When I first did this I measured the space from boltface to breechface at .010" I've used that dimension ever since.

As for resale value, I've sold nutless Savage barrels for every bit as much as nutted ones.

efm77
12-12-2010, 12:43 PM
For proper headspacing you would need to short chamber it first due to minor variances from one action to the next. Then you need a depth micrometer to measure the distance from bolt face to the front of the receiver ring, distance from shoulder of the barrel to the breech of the chamber, and then distance from the breech to the back of a go gauge. You subtract the difference between the action measurements (bolt face to receiver ring) and barrel measurements (shoulder to breech) and write that number down. Then the difference between that number and the measurement from the breech to the back of the go gauge is how much you need to finish reaming the chamber to get proper headspace. It sounds complicated but it's really not, of course you need to include the recoil lug thickness as well. Do a search and you can find a book written by Bryce Towsley that explains it in great detail and it's pretty easy once you've studied it for a while. That's exactly how I re-barreled my Ruger M77 MKII and it was the first one I've ever done and it went pretty well. Just be careful and take your time.

51Bravo
12-12-2010, 03:42 PM
sinman: If I have the capabilities of turning, threading and cambering my barrel from a blank, then do you think I can turn it into a nut barrel if I wanted to sell it?

efm77: i understand how its done. i just need to know how much of a gap needs to be left between breech face and bolt face.

Im going to try about .003 and see how it comes out. If I need more taken off I can always chuck it back up.

efm77
12-12-2010, 04:36 PM
Maybe you could measure how far the threads go into the receiver and make the shank of the barrel the same length?

dcloco
12-12-2010, 05:09 PM
Buy a gunsmithing book.

The arena that you are working in, is not a "try it" and see how things work.
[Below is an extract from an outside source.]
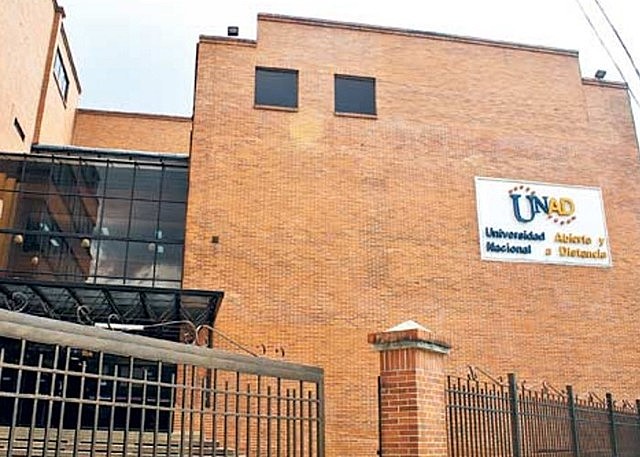 RECONOCIMIENTO COMO ESTABLECIMIENTO PUBLICO_2006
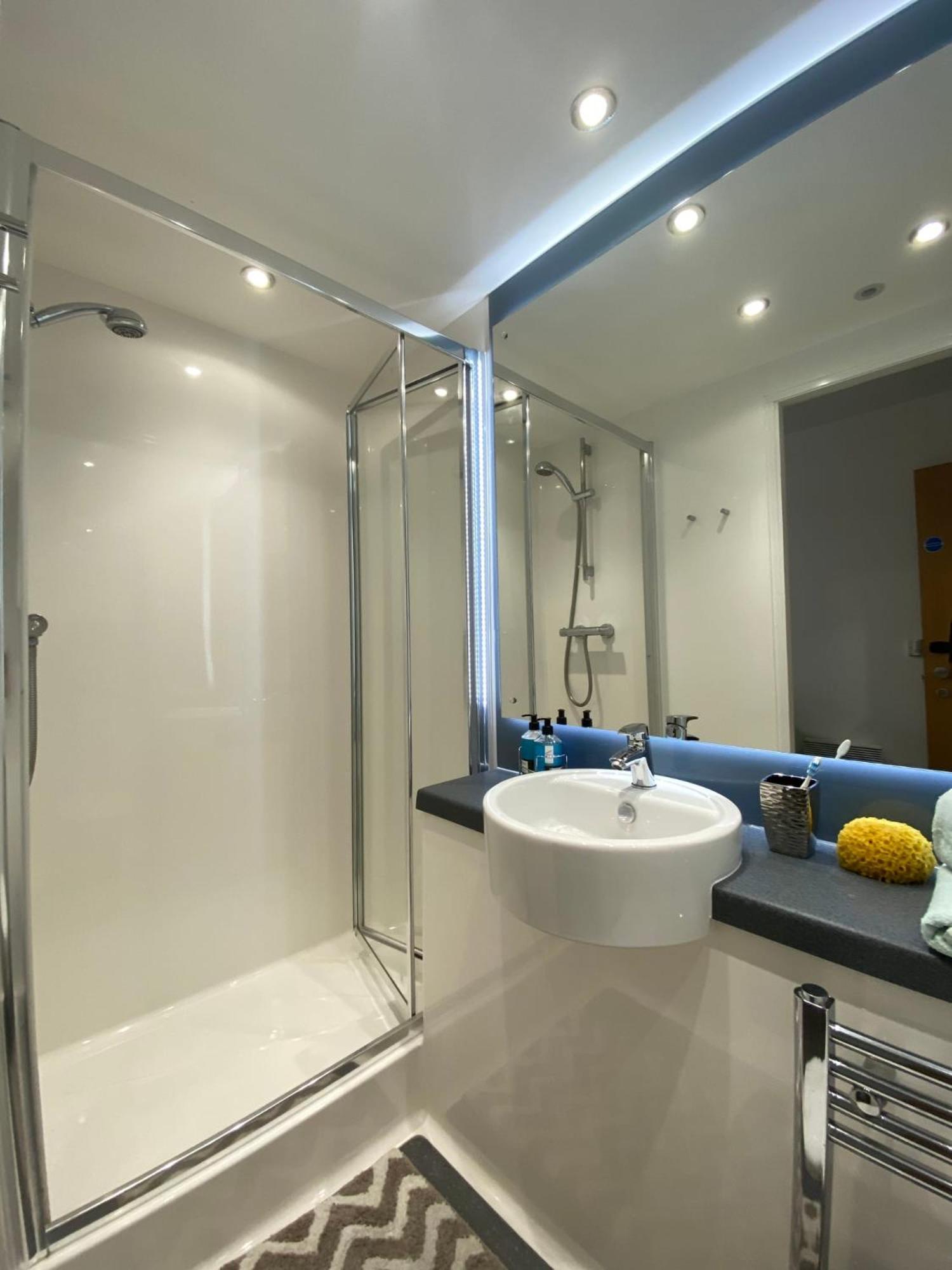 Chic Modern At Mannequin House In Leilighet *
You can easily reach pressures in the 100,000 psi range, with your face sitting in very close proximity.

nsaqam
12-12-2010, 06:27 PM
sinman: If I have the capabilities of turning, threading and cambering my barrel from a blank, then do you think I can turn it into a nut barrel if I wanted to sell it?

efm77: i understand how its done. i just need to know how much of a gap needs to be left between breech face and bolt face.
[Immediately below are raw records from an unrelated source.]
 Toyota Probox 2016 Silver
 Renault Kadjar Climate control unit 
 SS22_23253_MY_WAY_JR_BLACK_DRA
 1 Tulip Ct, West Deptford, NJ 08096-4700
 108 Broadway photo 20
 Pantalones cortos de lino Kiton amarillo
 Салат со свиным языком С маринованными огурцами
Im going to try about .003 and see how it comes out. If I need more taken off I can always chuck it back up.


You can try .003" but the dimension Savage uses is .010"

I just figured Savage knew what it was doing but carry on.

Uncle Jack
12-12-2010, 07:31 PM
I'm not sure I understand the motivation here. Is it just the cosmetic appearance of the barrel nut you're trying to avoid or are you hoping for some improvement in accuracy?

If it is the latter, I think that your chances are slim and none. Most all of my Savages are more accurate than the best of my conventionaly barreled Remchesters.

uj

coyotewallace
12-12-2010, 08:33 PM
you dont have to take off the stock or scope to swap a barrel

rbertalotto
12-12-2010, 08:34 PM
All the guy asked was for a dimension. And he gets a bunch of sermons..........Geez! I know it's Sunday, but cut the guy some slack!

BTW, on target rifles we leave .005 on hunting rifles we leave .010..........I'm not sure it really matters but hunting rifles need a bit more space in case crud falls into the action and causes the bolt to not close.

Uncle Jack
12-12-2010, 10:22 PM
.....All the guy asked was for a dimension. And he gets a bunch of sermons..........Geez! I know it's Sunday, but cut the guy some slack!

There is a difference between a sermon and a simple question.

uj

sinman
12-12-2010, 10:42 PM
To continue the threads for a nut would all depend on how the original threads were ended and the ability of the machinist to recatch the threads to extend them. So I can not say if you have the ability to do it or not.

51Bravo
12-13-2010, 09:37 PM
Catching threads is vary easy if you know the right way to do it. and turning it from a nutless barrel to a nutted barrel is still vary easy. Looks like i will start with .005 and go from there. thanks for the help.